31 October 2017
Bulletproof TLS Newsletter is a free periodic newsletter bringing you commentary and news surrounding SSL/TLS and Internet PKI, designed to keep you informed about the latest developments in this space. Received monthly by more than 50,000 subscribers. Written by Hanno Böck.
Deployment of TLS 1.3 is currently blocked by faulty middlebox devices. In theory, the protocol has been deemed ready; the latest draft 21 of TLS 1.3 was published in July, and it’s been in “Last Call” state for a while.
As Eric Rescorla reports in the TLS working group, a significant number of connection failures have been observed in experiments carried out by Google and Firefox. The source of the failures seems to be middleboxes that try to analyze traffic and block packets that don’t look like known protocol messages.
Details are scarce at this point, and no vendors have been named. The only known case of a vendor failing at TLS 1.3 was due to a bug in Blue Coat devices, as mentioned in our January newsletter.

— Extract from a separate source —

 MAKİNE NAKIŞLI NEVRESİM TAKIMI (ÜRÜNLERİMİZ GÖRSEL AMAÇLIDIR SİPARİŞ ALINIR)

However, it seems that changing TLS 1.3 in slight ways that make it look more like TLS 1.2 may make it possible to bring the failure rate down to an acceptable level. How these changes look is unclear, as it hasn’t been discussed in public.

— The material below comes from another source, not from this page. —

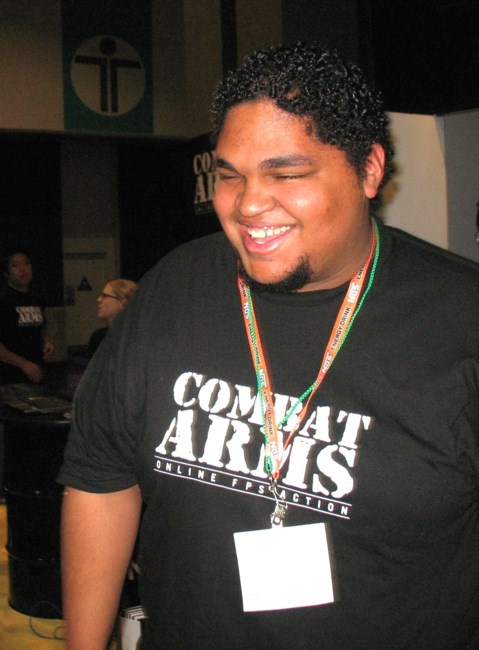 Obituary of Justin Matthew Gomez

Once again, it seems faulty devices make deploying a new protocol harder. This isn’t new. The deployment of previous TLS versions was seriously hampered by so-called version intolerance. Fallbacks implemented by browsers in the past have subsequently led to security vulnerabilities like POODLE. In TLS 1.3, a new version negotiation mechanism was implemented, and the GREASE mechanism was introduced to prevent such issues in the future.